A new study commissioned by a coalition of agriculture and export groups warns that proposed U.S. port fees targeting Chinese-built or operated cargo ships could deliver a heavy blow to American meat exports, including pork.
The recommendations, currently under review by the U.S. Trade Representative (USTR), propose multi-million-dollar fees on vessels connected to China in an effort to bolster U.S. shipbuilding. But according to the study, such measures would backfire—raising transportation costs, reducing global competitiveness, and harming U.S. agriculture in the process.
3% to 6% Pork Export Hit Expected
The research, conducted by Trade Partnership Worldwide LLC, projects pork and poultry exports could drop by as much as 6% if the most severe version of the policy is enacted. Beef exports would be hit even harder, potentially falling by up to 8.25%.
The U.S. pork industry exports 25% of its production annually. Losing even a fraction of that share due to higher shipping costs would have a serious impact on producers, processors, and rural economies that depend on international trade.
No Real Workarounds
The study points out that even rerouting shipments through ports in Canada or Mexico would offer little relief.

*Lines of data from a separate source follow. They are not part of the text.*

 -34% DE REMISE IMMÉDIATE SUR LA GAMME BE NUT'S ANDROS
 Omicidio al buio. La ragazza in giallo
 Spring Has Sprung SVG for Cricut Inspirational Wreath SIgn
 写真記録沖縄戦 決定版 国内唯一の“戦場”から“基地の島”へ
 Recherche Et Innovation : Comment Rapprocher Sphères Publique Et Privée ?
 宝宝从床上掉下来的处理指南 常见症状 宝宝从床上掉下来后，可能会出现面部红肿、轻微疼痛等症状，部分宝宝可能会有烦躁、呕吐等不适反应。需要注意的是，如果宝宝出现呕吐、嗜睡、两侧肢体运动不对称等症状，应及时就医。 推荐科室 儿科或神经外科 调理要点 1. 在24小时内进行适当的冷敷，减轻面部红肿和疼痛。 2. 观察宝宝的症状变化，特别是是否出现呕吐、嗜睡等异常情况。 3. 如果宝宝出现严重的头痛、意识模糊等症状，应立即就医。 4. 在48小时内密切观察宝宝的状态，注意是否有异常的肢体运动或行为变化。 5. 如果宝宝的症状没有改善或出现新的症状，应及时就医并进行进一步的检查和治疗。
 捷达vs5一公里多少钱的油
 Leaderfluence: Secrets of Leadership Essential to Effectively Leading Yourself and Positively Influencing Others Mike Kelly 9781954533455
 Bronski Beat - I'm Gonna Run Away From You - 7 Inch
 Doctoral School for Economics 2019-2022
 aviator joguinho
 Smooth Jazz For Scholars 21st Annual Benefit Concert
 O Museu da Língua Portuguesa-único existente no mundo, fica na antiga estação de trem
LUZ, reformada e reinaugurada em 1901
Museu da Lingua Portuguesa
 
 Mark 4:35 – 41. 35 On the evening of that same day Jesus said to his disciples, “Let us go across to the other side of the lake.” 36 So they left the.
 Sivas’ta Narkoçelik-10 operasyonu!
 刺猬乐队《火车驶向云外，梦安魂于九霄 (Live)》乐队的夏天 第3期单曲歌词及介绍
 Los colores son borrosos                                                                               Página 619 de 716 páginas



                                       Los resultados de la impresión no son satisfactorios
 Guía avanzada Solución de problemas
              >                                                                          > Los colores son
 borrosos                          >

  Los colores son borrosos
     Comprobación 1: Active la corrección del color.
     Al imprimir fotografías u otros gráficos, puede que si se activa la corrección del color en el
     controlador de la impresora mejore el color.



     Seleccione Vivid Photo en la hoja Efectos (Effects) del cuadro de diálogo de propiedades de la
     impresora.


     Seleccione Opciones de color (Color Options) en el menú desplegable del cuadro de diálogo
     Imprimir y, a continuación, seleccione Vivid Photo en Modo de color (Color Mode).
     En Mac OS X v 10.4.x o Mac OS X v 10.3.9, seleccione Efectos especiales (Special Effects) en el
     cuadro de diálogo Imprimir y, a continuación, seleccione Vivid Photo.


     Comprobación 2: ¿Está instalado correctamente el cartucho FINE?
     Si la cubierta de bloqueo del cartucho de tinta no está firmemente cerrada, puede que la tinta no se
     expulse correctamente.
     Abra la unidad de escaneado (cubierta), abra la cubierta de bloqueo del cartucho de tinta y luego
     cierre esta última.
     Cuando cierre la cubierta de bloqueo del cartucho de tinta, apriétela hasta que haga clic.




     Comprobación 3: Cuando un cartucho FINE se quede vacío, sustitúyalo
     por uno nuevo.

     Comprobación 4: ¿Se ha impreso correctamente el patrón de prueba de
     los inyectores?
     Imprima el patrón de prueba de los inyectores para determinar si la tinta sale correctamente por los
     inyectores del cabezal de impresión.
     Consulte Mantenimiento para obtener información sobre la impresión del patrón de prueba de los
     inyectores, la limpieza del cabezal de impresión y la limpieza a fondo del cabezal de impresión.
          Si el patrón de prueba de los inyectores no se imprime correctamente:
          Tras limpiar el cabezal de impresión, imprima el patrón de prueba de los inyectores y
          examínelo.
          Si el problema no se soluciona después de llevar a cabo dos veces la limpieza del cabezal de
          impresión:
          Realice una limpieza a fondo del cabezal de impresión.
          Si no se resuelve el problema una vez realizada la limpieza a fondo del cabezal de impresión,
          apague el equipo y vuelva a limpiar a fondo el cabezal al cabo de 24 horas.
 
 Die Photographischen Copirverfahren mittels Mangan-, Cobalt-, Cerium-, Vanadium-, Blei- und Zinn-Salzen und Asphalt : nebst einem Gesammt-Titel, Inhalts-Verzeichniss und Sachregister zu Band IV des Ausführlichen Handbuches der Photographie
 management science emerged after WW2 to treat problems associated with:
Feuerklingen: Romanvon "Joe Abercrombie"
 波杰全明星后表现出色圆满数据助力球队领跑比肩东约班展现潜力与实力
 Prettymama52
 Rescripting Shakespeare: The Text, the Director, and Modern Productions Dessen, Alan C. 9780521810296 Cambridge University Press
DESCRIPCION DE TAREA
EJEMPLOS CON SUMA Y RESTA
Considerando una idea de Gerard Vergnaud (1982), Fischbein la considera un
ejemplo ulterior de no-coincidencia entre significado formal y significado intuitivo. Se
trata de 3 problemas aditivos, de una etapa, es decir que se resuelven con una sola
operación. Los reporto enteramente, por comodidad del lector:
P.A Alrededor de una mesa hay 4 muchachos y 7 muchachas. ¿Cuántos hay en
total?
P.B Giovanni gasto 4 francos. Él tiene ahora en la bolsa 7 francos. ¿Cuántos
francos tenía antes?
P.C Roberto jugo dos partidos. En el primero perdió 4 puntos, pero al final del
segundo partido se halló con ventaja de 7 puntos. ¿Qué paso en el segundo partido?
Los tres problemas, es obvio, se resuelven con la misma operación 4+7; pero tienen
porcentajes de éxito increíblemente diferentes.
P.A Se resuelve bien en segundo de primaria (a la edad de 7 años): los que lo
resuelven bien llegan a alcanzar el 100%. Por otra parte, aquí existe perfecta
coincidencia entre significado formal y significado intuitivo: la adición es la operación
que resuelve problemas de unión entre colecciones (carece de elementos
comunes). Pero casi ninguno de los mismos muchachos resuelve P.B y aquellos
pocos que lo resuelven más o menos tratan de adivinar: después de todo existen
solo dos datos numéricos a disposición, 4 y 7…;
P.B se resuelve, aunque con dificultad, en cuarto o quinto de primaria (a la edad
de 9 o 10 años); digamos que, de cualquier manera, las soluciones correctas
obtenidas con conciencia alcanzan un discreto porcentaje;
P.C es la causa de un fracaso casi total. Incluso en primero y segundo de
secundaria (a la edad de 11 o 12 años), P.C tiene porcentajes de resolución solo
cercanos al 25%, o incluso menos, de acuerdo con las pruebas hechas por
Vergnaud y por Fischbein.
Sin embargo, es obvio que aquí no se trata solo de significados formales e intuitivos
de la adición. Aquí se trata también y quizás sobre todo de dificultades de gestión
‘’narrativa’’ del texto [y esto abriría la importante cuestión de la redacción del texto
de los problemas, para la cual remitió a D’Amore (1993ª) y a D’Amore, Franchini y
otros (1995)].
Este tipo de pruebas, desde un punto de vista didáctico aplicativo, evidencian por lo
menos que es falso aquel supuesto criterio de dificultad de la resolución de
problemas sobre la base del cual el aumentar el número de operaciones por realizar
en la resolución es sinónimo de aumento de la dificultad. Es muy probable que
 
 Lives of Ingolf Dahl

Logistical limitations and infrastructure constraints in neighboring countries mean most U.S. exporters would still face higher costs and fewer shipping options.
Competitive Disadvantage on the Global Stage
The biggest beneficiaries of this policy? Competitors in Brazil, Canada, Russia, and Australia, who would gain market share at the expense of U.S. producers. Pork, beef, poultry, and soybean exports are all expected to decline as shippers avoid costly U.S. port fees by skipping U.S. ports altogether.
Industry Reaction
Leaders across the agriculture sector are urging policymakers to reconsider. “This is a lose-lose for U.S. producers and exporters,” one industry advocate stated. “We support strengthening domestic industries, but not at the expense of farm families and food exports.”
With 13% of U.S. beef, 15% of poultry, and 25% of pork heading overseas each year, the stakes are high. The report concludes that all proposed remedies would subtract from U.S. economic output and widen the trade deficit—at a time when export competitiveness is more important than ever.
Swine Web will continue to monitor this developing story and its implications for the pork industry.